(Web page caption snippets)

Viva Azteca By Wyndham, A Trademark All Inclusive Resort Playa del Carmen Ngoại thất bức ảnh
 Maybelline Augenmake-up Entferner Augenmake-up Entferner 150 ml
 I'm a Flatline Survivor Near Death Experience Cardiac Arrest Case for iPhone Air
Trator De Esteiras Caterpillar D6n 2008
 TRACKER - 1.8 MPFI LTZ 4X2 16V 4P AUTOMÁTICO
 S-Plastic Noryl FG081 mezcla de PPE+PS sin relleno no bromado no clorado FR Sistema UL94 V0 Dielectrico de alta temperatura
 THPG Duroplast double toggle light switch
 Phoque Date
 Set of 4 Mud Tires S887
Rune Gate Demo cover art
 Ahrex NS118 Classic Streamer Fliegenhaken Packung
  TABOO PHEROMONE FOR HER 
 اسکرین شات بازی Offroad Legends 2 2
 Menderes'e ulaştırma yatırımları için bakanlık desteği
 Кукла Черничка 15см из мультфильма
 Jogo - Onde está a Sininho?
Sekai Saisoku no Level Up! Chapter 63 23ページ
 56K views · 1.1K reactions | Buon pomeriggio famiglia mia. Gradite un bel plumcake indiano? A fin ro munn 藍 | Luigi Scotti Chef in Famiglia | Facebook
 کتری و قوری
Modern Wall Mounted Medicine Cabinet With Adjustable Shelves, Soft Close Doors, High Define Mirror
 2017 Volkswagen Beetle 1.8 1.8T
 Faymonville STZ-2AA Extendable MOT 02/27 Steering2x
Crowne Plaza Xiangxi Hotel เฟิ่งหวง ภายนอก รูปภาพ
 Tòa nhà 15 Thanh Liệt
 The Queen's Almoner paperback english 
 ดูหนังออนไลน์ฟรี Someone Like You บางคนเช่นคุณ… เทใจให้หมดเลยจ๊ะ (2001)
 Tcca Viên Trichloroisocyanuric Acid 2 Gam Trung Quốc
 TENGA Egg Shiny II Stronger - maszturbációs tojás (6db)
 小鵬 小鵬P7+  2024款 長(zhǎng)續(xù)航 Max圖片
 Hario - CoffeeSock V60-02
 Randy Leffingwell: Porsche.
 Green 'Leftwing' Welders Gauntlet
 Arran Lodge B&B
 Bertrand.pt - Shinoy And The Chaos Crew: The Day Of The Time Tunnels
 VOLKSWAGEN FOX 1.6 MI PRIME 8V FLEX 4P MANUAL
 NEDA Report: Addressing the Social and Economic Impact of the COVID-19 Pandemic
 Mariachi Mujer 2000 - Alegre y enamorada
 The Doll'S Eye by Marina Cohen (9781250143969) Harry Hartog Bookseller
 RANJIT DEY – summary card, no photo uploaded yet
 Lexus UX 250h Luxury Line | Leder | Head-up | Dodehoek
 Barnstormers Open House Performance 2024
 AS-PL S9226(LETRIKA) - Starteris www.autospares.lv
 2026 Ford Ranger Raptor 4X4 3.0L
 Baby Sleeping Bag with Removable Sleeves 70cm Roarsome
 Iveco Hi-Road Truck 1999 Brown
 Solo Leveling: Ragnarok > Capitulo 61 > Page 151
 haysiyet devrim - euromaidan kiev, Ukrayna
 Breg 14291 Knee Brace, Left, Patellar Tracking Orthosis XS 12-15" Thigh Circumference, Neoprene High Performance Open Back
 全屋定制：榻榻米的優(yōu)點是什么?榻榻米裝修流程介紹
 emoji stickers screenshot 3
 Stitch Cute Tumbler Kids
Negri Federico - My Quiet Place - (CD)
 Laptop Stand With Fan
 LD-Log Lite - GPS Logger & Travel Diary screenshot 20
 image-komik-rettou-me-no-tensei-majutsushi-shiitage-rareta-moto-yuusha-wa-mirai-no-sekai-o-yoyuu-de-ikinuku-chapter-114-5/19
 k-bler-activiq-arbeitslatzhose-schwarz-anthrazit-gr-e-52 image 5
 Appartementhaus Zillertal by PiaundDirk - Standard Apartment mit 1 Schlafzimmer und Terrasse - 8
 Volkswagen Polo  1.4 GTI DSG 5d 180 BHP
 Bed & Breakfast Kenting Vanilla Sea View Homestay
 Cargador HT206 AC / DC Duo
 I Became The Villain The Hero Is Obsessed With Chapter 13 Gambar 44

GOAL OF THE EXERCISE — Could you reproduce, exactly, every line above from the line with "Rune Gate Demo cover art" to the line with "ดูหนังออนไลน์ฟรี Someone Like", and no other line? Both ends count.

YOUR RESPONSE —
Rune Gate Demo cover art
 Ahrex NS118 Classic Streamer Fliegenhaken Packung
  TABOO PHEROMONE FOR HER 
 اسکرین شات بازی Offroad Legends 2 2
 Menderes'e ulaştırma yatırımları için bakanlık desteği
 Кукла Черничка 15см из мультфильма
 Jogo - Onde está a Sininho?
Sekai Saisoku no Level Up! Chapter 63 23ページ
 56K views · 1.1K reactions | Buon pomeriggio famiglia mia. Gradite un bel plumcake indiano? A fin ro munn 藍 | Luigi Scotti Chef in Famiglia | Facebook
 کتری و قوری
Modern Wall Mounted Medicine Cabinet With Adjustable Shelves, Soft Close Doors, High Define Mirror
 2017 Volkswagen Beetle 1.8 1.8T
 Faymonville STZ-2AA Extendable MOT 02/27 Steering2x
Crowne Plaza Xiangxi Hotel เฟิ่งหวง ภายนอก รูปภาพ
 Tòa nhà 15 Thanh Liệt
 The Queen's Almoner paperback english 
 ดูหนังออนไลน์ฟรี Someone Like You บางคนเช่นคุณ… เทใจให้หมดเลยจ๊ะ (2001)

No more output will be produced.